Art Works Blog

Poetry Out Loud: Through the Judges' Eyes

Without a doubt, the young competitors of Poetry Out Loud have a tough job---not only do they have to memorize three poems word perfect, but they then have to recite those poems in front of a crowded auditorium knowing they are being judged on their accuracy, physical presence, voice and articulation, dramatic appropriateness, level of difficulty, and understanding of the poem.

Turns out that the judges have an equally tough job. By the time this year's national competitors arrive in Washington, DC in late April, they will have bested 350,000 other students to win their state championships. In other words, the judges will be looking not just to select the best competitor, but the best of the best. Talk about pressure!

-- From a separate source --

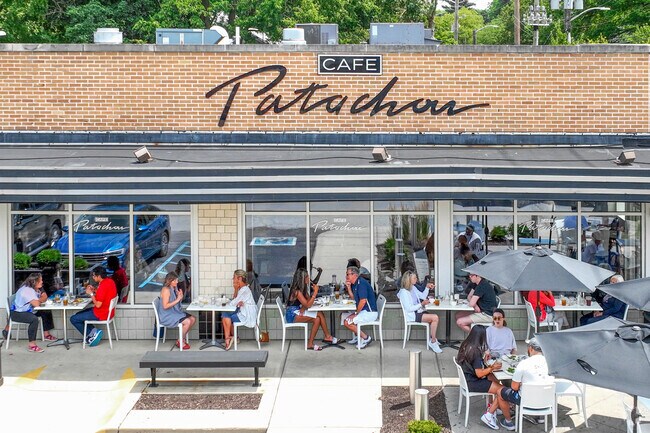 Café Patachou is an award-winning café near Crows Nest, Indiana.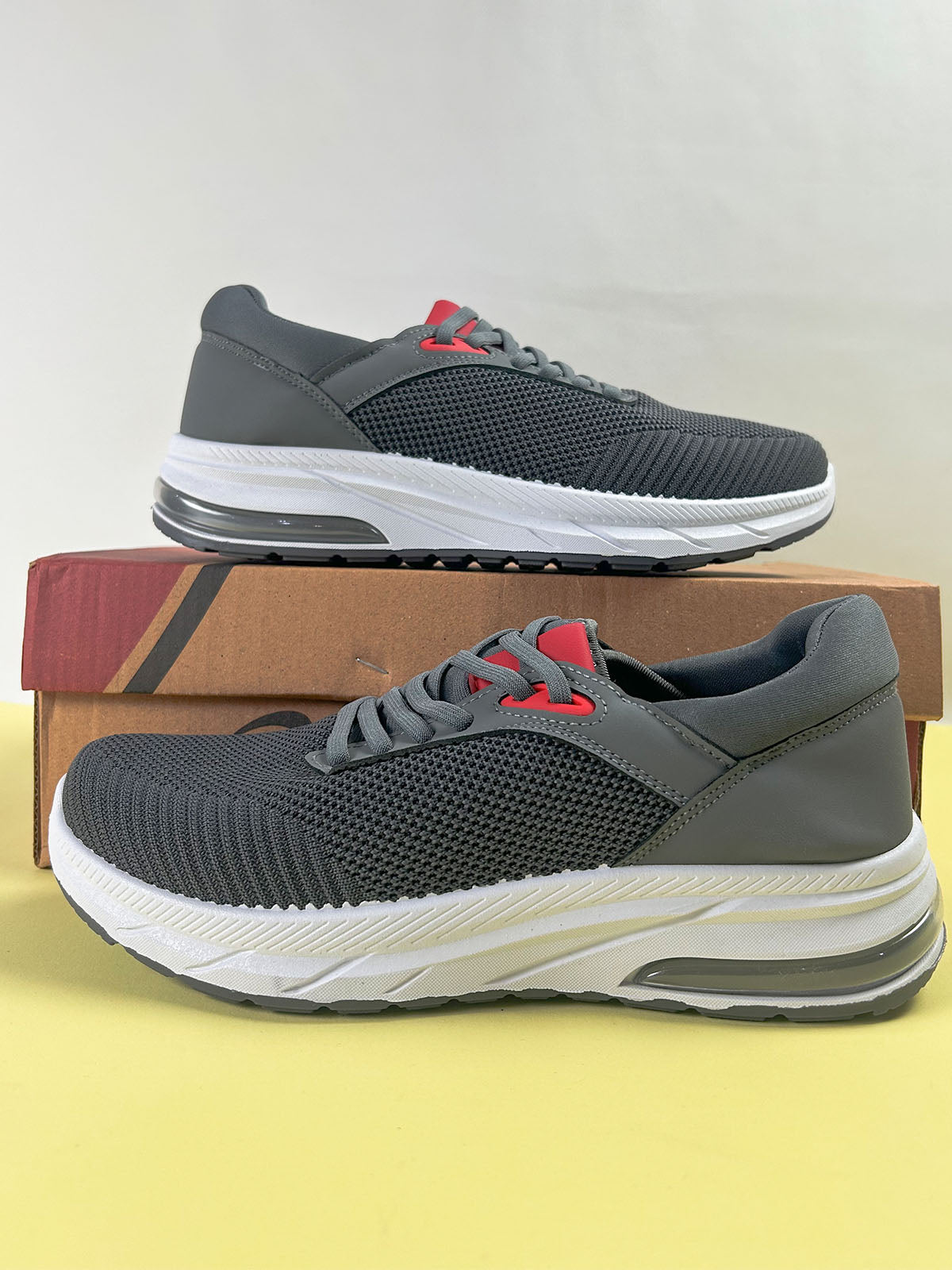 Grey Casual Sneakers For Men MJS227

Today we're chatting with two past Poetry Out Loud judges---poet and American University professor Kyle Dargan and former Alaska State Writer Laureate Peggy Shumaker---about their experience as judges.

At #POL11, a state champ takes to the hallway to go over her poems one last time. Photo by James Kegley

KYLE DARGAN

NEA: What three words would you pick to describe Poetry Out Loud?

KYLE DARGAN: Inspiring. Thrilling. Heartbreaking (if your favorite doesn't make it).

NEA: When and where were you a POL judge? How did you get involved?

DARGAN: I was a semi-finals judge for the national competition held last year (2012) in Washington, D.C.

NEA: What do you think is the most important thing to remember about judging a competition like POL?

DARGAN: Passion and precision---as well as performance and recitation---are different things. Is an enthralling performance of a poem exhibiting an awareness of poem's content, the inherent tenor and tone in its language? I value when the voice of the reciter leaves enough space to have a conversation with the voice of the poem.

NEA: What was your favorite part of the experience? Any moment or moments especially stand out to you?

DARGAN: There was a young woman from Tennessee, Anita Norman---only a high school freshman, I think, but she handled herself, and the poem, with such grace and pathos. (To me, that is.) She did not make the grand finals cut, but I had to seek her out afterwards and encourage her to try again. I was glad she drew me in enough for me to want to encourage her further.

NEA: What would you say to encourage more students and schools to take part in POL?

DARGAN: The range of roles in the poetry world is wide. Though we all should be writers and readers and critics and reciters of poetry, you also need people who specialize in those different roles. So if you are not taken with writing or writing about poetry, maybe you are meant to be a reciter of poetry. We need everyone thriving and challenging themselves in their preferred roles in order to keep the poetry ecosystem vibrant and healthy. As a writer, I almost felt inadequate judging these students because I knew they could do things with recitation that I could not ever do. Again, everyone has something necessary to contribute to this adoration of language we call poetry.

The scholarships don't hurt either.

 

At #POL2011, some young competitors nervously wait to find out who's moving on to the next round of competition. Photo by James Kegley

PEGGY SHUMAKER

NEA: What three words would you pick to describe Poetry Out Loud?

PEGGY SHUMAKER; Vibrant. Essential. Human.

NEA: When and where were you a POL judge? How did you get involved?

SHUMAKER: I judged in 2012, in Juneau, Alaska at the Alaska State Finals. I was invited because I was the Alaska State Writer Laureate.

NEA: What do you think is the most important thing to remember about judging a competition like POL?

SHUMAKER: Honor each performer, each young person who has prepared in mind, heart, body, and soul to be speaking poems for all of us.

NEA: What was your favorite part of the experience? Any moment or moments especially stand out to you?

SHUMAKER: I loved watching the young people supporting one another. Each of them knew how challenging it had been to make it to the finals, and they were remarkable in their enthusiasm for one another.

NEA: What would you say to encourage more students and schools to take part in POL?

SHUMAKER: Knowing poems by heart will matter to you throughout your life. Having words to rely on will support you in hard times and lift you up in good times. In an MRI tube, for instance, you can say poems over the pounding. In the labor room, you can welcome a new human being with a poem. At your wedding or at the funeral of a loved one, you will reach for poems.